Words are the source of misunderstandings

Nowadays, Voice User Interfaces (VOI) seem to be popping up everywhere. We can find VOI in mobile phones, televisions, smart homes and a whole range of other products. With rapid advances being made in this sector and smart home technology, it is safe to say that the only direction for voice interaction is up.

The way users interact with VOI is vastly different from the way they interact with the more common graphical ones. The main and obvious difference is that, unlike in graphical User Interface (UI), you cannot create visual affordances to guide users through the flow. This lack of visuality leaves users in the dark on what they can expect from the interaction.

To be able to create great voice interactions, you need an understanding of how people naturally communicate with their voices, and you need to understand the fundamentals of voice interaction. Since you cannot fully live up to the user’s expectations of a natural conversation partner, it becomes even more important to design the voice user interface so that it contains the right amount of information and handles the user’s expectations elegantly. To help do so I will refer to the guidelines inspired by Amazon’s best practices for how to create voice interaction skills for Alexa.

Guidelines for designing VOI

Provide users with information about what they can do. Display the options for interaction by proactively asking questions. When doing so, you should always provide an easy exit option for the user to cancel the request.

Where am I? Users can quickly get confused about where they are, or they might inadvertently activate a functionality as understandably they are ‘running blind’. To help ease these issues it is best to make use of full sentenced answers such as “Today’s weather forecast is mostly sunny and dry” rather than just “sunny and dry.”

Express intentions. With a voice system, the risk of ambiguity increases as the speech recognition system may understand the words the customer says with limited ability to map it to an appropriate action or response. For example, let us say a customer asks "Is it nice outside?" The answer depends on mapping to a weather intent, having the customer's location, and delivering an appropriate weather forecast, while making sure you answer the specific question asked. The forecast itself, “it’s 23 degrees today,” might not be the best response compared to what a human might say, such as, “Yes, it's warm and sunny.”

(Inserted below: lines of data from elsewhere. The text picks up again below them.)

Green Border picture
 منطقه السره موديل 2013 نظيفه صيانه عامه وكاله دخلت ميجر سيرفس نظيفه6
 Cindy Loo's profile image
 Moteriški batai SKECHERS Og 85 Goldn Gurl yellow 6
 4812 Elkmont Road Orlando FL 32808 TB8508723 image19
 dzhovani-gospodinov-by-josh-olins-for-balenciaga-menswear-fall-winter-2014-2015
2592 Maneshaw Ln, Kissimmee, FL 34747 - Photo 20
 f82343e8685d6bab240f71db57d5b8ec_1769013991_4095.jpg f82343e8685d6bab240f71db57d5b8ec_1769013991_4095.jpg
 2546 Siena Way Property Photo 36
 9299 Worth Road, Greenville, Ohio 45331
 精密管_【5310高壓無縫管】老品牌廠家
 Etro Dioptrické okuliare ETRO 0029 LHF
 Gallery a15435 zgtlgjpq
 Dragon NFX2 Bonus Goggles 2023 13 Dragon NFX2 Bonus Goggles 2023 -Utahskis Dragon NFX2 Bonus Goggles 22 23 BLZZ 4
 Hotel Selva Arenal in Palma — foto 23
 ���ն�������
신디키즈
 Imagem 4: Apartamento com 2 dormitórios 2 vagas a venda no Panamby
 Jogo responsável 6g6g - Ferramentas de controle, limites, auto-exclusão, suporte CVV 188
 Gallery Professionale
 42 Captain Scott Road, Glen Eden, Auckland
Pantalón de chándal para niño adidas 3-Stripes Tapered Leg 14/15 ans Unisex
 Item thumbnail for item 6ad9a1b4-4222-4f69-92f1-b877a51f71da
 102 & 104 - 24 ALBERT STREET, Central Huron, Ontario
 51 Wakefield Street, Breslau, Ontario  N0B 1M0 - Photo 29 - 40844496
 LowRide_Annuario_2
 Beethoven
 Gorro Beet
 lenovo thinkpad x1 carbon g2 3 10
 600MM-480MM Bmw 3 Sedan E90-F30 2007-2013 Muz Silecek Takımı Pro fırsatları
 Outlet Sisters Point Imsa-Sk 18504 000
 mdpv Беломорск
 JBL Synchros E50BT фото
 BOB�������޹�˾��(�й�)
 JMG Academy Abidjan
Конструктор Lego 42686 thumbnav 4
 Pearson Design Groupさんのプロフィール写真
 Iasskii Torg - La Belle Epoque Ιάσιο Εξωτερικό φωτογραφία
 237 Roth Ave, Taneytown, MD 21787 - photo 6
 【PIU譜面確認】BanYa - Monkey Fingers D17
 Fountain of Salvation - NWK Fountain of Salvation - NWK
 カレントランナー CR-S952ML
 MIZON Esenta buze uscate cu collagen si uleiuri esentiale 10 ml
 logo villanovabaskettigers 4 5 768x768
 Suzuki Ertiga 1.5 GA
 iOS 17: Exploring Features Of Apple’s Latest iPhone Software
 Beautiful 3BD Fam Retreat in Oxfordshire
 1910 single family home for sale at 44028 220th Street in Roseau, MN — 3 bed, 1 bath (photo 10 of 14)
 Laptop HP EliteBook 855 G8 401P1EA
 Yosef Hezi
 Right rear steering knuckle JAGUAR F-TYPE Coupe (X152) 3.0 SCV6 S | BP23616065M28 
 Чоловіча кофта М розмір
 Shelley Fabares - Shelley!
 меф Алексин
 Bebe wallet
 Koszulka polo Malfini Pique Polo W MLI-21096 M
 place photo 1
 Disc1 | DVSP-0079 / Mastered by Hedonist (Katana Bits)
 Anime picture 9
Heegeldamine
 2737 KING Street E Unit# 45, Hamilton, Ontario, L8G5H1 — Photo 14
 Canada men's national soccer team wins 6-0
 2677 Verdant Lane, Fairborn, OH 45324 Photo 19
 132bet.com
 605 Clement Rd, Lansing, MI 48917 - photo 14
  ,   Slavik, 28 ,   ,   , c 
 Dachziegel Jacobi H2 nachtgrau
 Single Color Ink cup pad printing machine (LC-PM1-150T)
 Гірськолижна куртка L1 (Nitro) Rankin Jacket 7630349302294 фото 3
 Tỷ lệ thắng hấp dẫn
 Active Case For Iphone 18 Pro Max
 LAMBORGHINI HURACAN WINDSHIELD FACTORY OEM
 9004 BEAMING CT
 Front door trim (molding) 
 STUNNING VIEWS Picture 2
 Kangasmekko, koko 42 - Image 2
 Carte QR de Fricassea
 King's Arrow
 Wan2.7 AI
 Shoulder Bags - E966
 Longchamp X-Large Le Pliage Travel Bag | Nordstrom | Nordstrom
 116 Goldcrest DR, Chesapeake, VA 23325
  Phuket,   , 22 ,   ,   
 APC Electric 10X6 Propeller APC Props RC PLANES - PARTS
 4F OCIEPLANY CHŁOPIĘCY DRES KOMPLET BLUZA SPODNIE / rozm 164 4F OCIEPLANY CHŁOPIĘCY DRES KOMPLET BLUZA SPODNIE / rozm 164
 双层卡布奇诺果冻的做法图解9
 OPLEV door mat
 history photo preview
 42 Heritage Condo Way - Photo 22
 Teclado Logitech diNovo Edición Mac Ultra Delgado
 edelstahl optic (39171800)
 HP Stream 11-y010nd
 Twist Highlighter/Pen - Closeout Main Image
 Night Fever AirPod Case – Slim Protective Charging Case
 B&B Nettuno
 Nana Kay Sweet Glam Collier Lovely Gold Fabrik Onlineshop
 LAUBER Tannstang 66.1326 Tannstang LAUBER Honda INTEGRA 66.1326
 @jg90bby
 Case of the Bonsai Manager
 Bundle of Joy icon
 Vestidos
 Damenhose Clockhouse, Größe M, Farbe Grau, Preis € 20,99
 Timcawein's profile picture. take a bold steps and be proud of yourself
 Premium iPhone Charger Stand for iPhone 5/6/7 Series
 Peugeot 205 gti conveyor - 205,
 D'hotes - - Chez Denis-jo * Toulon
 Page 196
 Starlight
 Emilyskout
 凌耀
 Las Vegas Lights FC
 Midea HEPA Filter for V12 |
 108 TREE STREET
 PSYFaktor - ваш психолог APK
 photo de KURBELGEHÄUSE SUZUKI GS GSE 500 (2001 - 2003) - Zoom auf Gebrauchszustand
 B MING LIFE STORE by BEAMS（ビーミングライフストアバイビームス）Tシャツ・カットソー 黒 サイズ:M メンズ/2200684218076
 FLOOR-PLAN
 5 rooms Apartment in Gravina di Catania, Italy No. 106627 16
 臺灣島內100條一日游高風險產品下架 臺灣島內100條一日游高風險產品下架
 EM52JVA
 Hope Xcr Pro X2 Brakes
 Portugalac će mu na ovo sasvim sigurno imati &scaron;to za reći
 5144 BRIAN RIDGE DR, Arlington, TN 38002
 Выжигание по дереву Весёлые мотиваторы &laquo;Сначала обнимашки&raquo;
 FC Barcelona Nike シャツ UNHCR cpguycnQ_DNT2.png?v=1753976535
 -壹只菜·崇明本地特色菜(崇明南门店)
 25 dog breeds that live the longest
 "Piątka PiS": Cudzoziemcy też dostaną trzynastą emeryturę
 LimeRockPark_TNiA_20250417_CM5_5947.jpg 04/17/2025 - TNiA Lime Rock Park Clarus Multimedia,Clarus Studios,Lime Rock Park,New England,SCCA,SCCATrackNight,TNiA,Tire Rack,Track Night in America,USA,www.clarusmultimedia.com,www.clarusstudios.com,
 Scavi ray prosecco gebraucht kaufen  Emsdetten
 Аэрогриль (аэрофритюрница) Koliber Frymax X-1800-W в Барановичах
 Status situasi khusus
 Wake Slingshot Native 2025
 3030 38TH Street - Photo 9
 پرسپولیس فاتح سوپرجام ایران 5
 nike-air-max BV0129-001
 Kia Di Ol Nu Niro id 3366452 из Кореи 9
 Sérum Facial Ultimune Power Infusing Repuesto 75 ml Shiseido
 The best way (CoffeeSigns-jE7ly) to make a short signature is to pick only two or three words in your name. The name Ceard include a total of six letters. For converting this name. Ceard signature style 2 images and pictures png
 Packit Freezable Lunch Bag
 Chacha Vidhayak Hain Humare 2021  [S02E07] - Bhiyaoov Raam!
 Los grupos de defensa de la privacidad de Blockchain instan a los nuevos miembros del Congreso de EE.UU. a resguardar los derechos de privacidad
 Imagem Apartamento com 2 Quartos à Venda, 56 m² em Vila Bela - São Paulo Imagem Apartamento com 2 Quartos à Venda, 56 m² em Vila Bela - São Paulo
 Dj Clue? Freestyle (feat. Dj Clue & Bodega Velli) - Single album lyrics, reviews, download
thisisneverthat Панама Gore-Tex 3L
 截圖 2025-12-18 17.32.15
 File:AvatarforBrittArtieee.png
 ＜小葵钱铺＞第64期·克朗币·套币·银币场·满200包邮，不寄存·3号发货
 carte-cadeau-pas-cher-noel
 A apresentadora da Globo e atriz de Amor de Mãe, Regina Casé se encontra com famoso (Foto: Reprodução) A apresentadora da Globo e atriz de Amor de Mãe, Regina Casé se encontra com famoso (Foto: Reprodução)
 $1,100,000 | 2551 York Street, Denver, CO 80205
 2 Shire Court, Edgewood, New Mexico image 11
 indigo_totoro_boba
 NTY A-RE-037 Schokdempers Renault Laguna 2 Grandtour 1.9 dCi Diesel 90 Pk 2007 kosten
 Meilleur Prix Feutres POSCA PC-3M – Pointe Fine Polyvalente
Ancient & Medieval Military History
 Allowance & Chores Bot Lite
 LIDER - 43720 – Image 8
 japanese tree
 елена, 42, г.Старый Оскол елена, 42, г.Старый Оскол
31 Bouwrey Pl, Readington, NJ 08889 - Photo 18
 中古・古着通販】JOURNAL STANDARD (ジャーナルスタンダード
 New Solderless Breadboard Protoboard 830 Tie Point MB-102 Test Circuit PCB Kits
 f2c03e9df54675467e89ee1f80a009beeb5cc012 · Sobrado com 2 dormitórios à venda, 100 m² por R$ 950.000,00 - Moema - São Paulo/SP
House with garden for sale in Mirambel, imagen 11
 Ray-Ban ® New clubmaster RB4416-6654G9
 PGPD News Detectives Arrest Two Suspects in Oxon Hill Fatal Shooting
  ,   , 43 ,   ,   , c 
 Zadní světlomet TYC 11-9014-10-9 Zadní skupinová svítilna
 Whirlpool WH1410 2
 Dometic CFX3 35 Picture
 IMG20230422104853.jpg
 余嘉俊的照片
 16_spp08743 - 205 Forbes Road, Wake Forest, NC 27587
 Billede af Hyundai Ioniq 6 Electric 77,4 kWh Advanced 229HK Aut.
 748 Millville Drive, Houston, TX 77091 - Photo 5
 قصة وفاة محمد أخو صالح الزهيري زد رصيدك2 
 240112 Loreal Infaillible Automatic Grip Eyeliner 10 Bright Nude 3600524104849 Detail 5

Limit the amount of information. When users browse visual content or lists, they can go back to information they overlooked or forgot. That is not the case with verbal content. With verbal content, you need to keep all sentences and information brief so that the user does not become confused or forget items on a list. It is recommended that you do not list more than three different options for an interaction. Should there be more, you can opt for grouping or by asking if they would like more options.

Use visual feedback. If and when possible, use some form of visual feedback to let the user know that the system is listening. Users get frustrated if they are unsure of whether the voice user interface has registered that they are, in fact, trying to interact with it. Amazon’s Echo Dot, for example, handles this scenario by exploiting its bluish light that swirls around the top rim of the device, signalling that Alexa is listening.


In conclusion, to design great VOI, you must find an elegant way to provide users with missing information about what they can do and how they can do it, without overwhelming them. You must also handle the expectations users have from their experience with everyday conversations by providing information about what they can do and what functionality they are using, telling them how to express their intentions in a way that the system understands, keeping sentences brief and by providing visual feedback so that they know if the system is listening.

Voice user interaction may pose more of a challenge in other aspects too, apart from a graphically based system. However it is fair to say that this method will improve as more aspects of this technology will be integrated in our day to day life.